NameError: name 'metrics' is not defined

In [None]:
# We can also test it on new data that we don't have the information for.
new_obs = ["I loved this place. Will come back."]

new_obs = cv.transform(new_obs)
new_obs = tfidf.transform(new_obs)
classifier.predict(new_obs)

NameError: name 'cv' is not defined

### Alternate Classifiers in Scikit-Learn

The scikit-learn library contains many different classification models, and it can be useful to train several and compare them. To do so, just import a different classifier from scikit-learn, then change the line `classifier = SGDClassifier()` to use the new classifier. And you're done.

At the top of the notebook, the `MultinomialNB()` classifier has already been imported for you, so give that a try. [Comparisons of several classifiers](https://scikit-learn.org/stable/auto_examples/classification/plot_classifier_comparison.html) can be found on the library's website.

This is generally how the Scikit-Learn package works: you use a different classification (or regression) model, whose implementation has been taken care of for you. Its your goal primarily to choose a model, and do any pre-processing to get data in a usable format.

This process will be simplified even more when we use pipelines in the next notebook.

### Standard Classification Tasks in Natural Language Processing

Historically, these have been given specific names, but ultimately they are all classifiers, and can use the same

* **Sentiment Analysis.** Do people like the thing? Hate the thing? This has a lot of usage in business: there are a hundred thousand social media posts and I don't have time to read them all. The example classifier above is a sentiment classifier.

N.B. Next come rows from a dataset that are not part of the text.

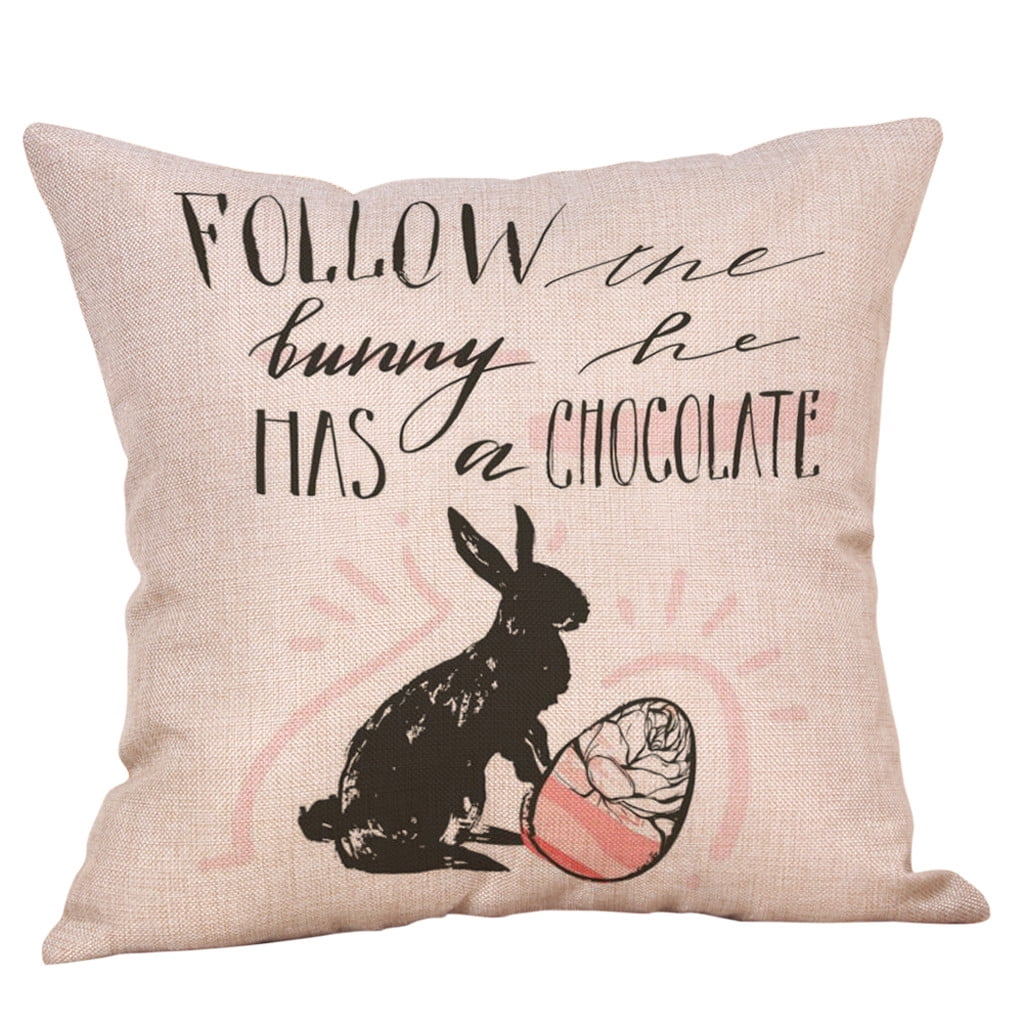 happy bunny pillow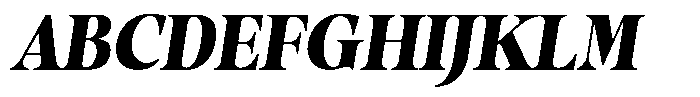 Stagger Black Semi Condensed Italic Font UPPERCASE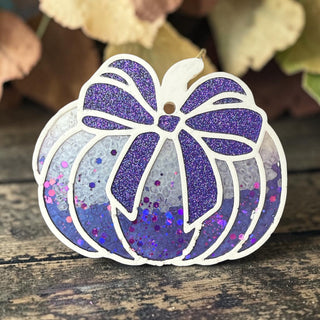 Purple Sparkle Pumpkin Freshie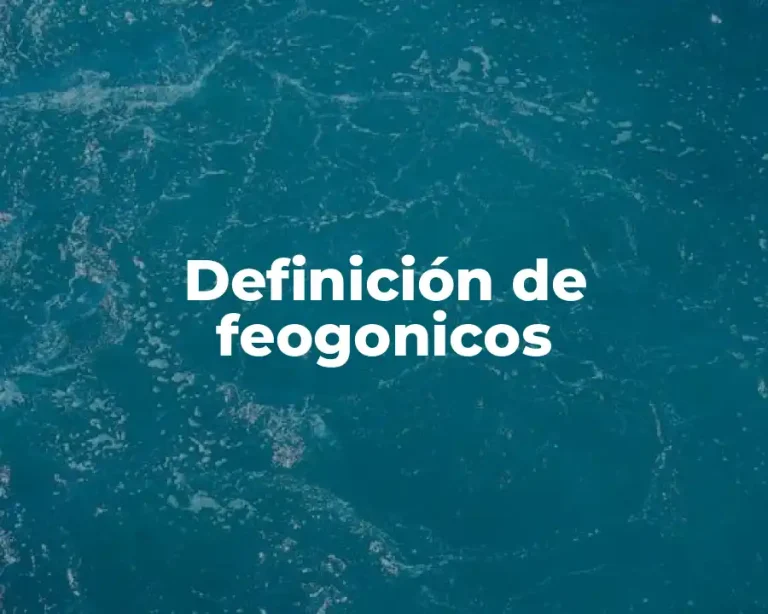 Definición de feogonicos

* **Part-of-Speech Tagging.** Is this word in a given sentence a noun, an adjective, &c.? This is used

* **Proper Noun Detection.** Which words in this sentence are proper nouns? This is useful for identifying people and places in documents (e.g. letters, newspaper articles) when you don't have a complete list beforehand.

For each of these classification tasks, what would the training data (X and y) need to look like?